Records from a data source
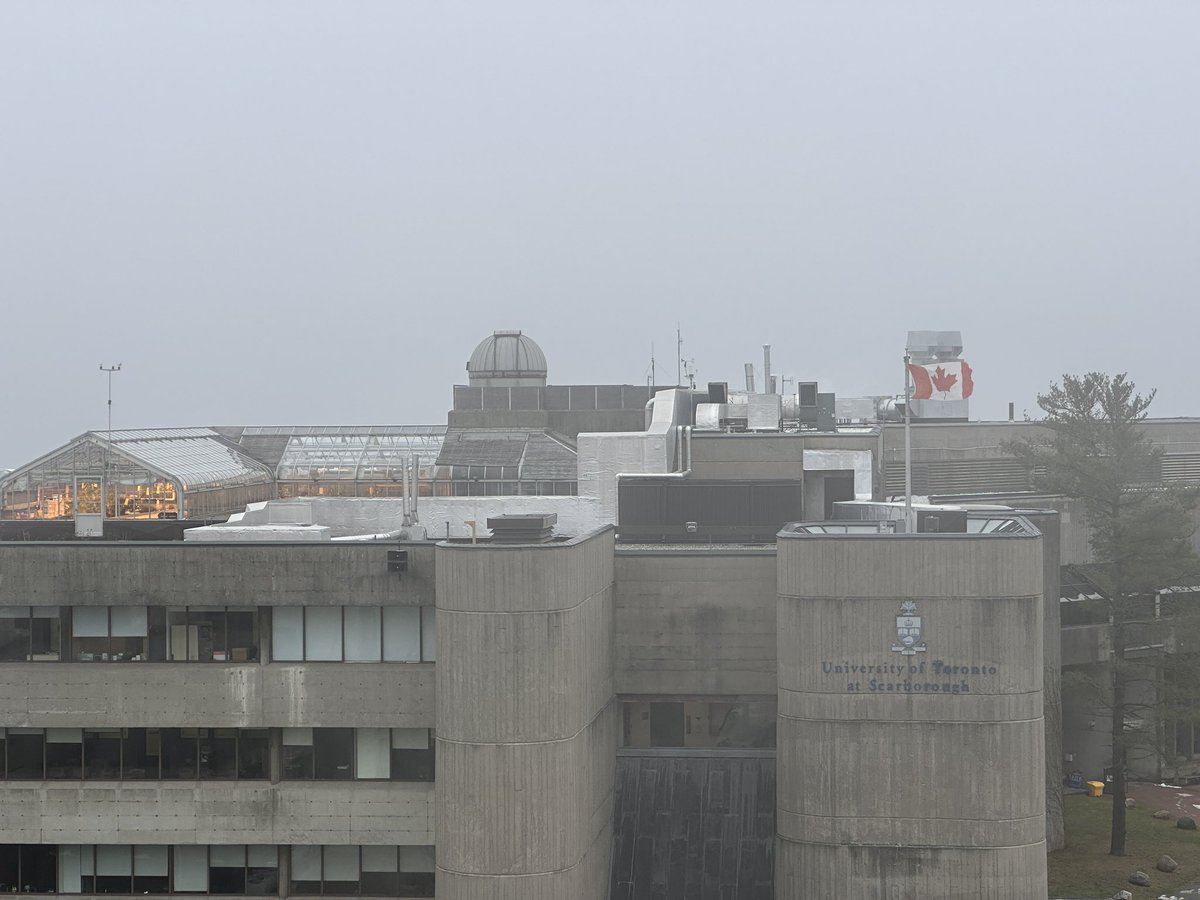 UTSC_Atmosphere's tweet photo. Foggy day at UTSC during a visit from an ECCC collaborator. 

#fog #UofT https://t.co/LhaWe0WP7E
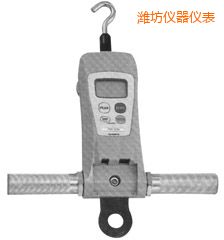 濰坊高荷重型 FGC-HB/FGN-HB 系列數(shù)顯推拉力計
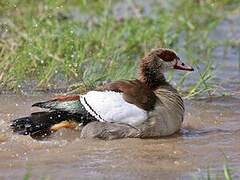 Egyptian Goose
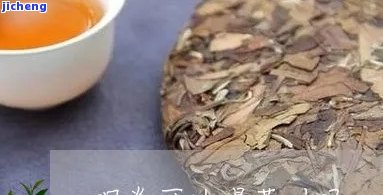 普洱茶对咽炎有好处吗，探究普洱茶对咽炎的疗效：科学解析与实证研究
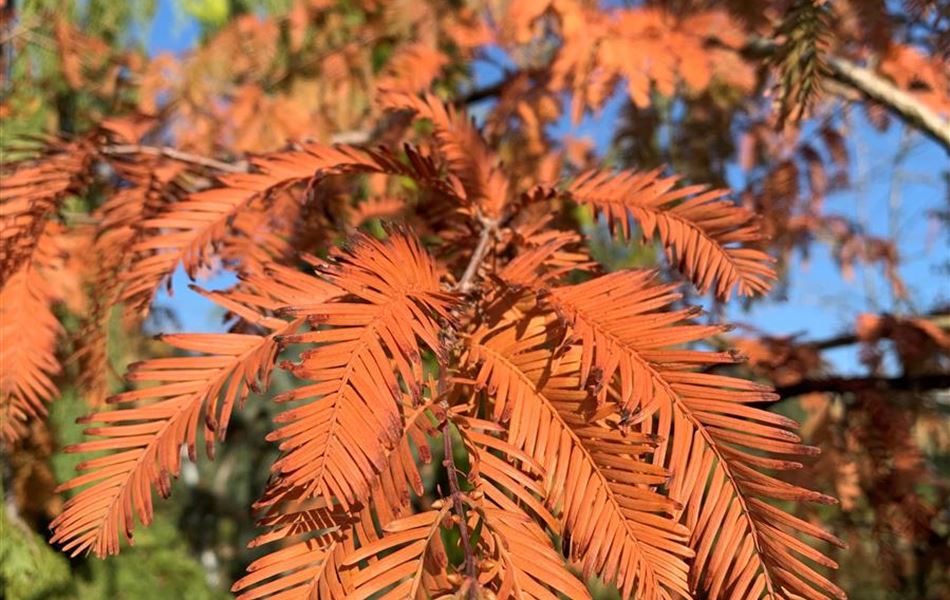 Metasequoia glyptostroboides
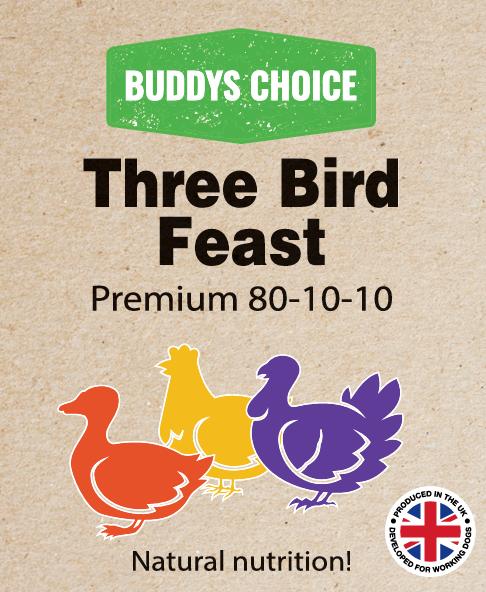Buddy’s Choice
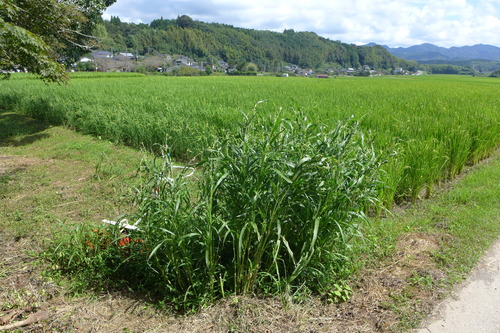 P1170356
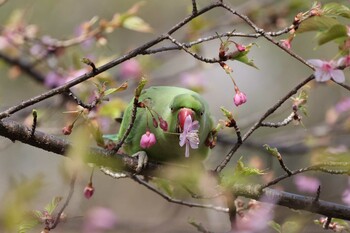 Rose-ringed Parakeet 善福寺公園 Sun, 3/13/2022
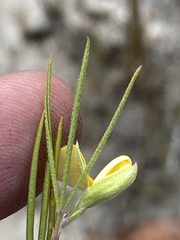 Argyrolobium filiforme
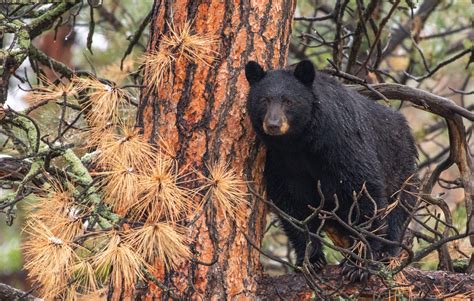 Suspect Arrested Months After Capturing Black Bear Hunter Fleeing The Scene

TASK DIRECTIONS
The answer must be an exact copy of the records, with no images in it.

SOLUTION
 UTSC_Atmosphere's tweet photo. Foggy day at UTSC during a visit from an ECCC collaborator. 

#fog #UofT https://t.co/LhaWe0WP7E
 濰坊高荷重型 FGC-HB/FGN-HB 系列數(shù)顯推拉力計
 Egyptian Goose
 普洱茶对咽炎有好处吗，探究普洱茶对咽炎的疗效：科学解析与实证研究
 Metasequoia glyptostroboides
Buddy’s Choice
 P1170356
 Rose-ringed Parakeet 善福寺公園 Sun, 3/13/2022
 Argyrolobium filiforme
 Suspect Arrested Months After Capturing Black Bear Hunter Fleeing The Scene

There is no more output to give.